The house of cards wasn’t built on whims. It was carefully constructed over decades, using the doctrine of substantive due process to defend the most personal of liberties—love, marriage, bodily integrity. It was a structure meant to withstand the tides of culture and politics. But now? The judicial architects have become demolition crews, smiling behind gavels as they knock out the support beams.

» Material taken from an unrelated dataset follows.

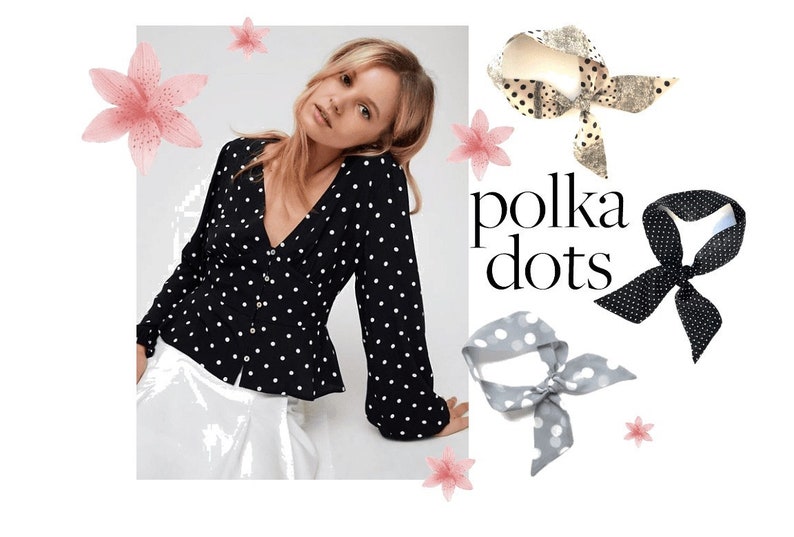 May include: A black and white polka dot blouse with long sleeves and a V-neckline. The blouse has a fitted bodice and a slightly flared hem. The model is wearing the blouse with a white skirt. The image also includes three polka dot headbands in different colors: black and white, gray and white, and beige and black.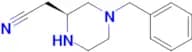 (S)-2-(4-Benzylpiperazin-2-yl)acetonitrile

Let’s be clear: this collapse isn’t a result of legal refinement. It’s a product of raw political pressure—Senate hearings turned into theater, nominees pre-packaged with promises, judicial independence sold off like a campaign slogan. Decisions now echo think tanks, not precedent. And in their aftermath, we’re told this is the Court “returning power to the people”—when in reality, it’s snatching it from the individual and handing it to the state.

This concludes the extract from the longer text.